De acordo com o estudo, a retração representa cerca de 0,7% do PIB brasileiro. Entre os setores mais afetados, o de serviços lidera as perdas, com estimativa de queda de R$ 43,5 bilhões, seguido pela indústria (R$ 25,4 bilhões), comércio (R$ 11,1 bilhões) e agropecuária (R$ 2,3 bilhões).
A análise da CNI aponta que a diminuição da carga horária sem ajustes estruturais pode impactar diretamente a produtividade e os custos das empresas, afetando a competitividade da economia nacional.
Riscos para a competitividade
Para o presidente da entidade, Ricardo Alban, a medida pode acelerar um processo de desindustrialização no país. Segundo ele, a redução da jornada tende a elevar custos de produção, o que pode resultar em menor competitividade dos produtos brasileiros no mercado internacional.
“A consequência será a perda de competitividade do produto nacional, com possível queda nas exportações e aumento das importações”, afirmou.
Debate no Congresso
A discussão sobre a jornada de trabalho tem ganhado força no Legislativo, com propostas que visam reduzir o número de horas semanais trabalhadas sem redução salarial. Defensores da medida argumentam que ela pode melhorar a qualidade de vida dos trabalhadores e aumentar a produtividade no longo prazo.

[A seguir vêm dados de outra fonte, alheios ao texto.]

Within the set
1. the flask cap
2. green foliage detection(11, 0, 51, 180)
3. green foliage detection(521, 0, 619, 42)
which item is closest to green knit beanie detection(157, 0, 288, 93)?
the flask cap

Por outro lado, representantes do setor produtivo alertam para os impactos econômicos imediatos, especialmente em um cenário de recuperação econômica e desafios fiscais.
Reflexos em Minas Gerais
Em Minas Gerais, estado com forte presença industrial e de serviços, uma eventual redução da jornada pode ter efeitos relevantes sobre a atividade econômica e o mercado de trabalho. Regiões como a Grande Belo Horizonte, com alta concentração de indústrias e comércio, estariam entre as mais impactadas.
Especialistas destacam que qualquer mudança na legislação trabalhista precisa considerar o equilíbrio entre desenvolvimento econômico e bem-estar social, além de avaliar os efeitos sobre emprego, renda e competitividade.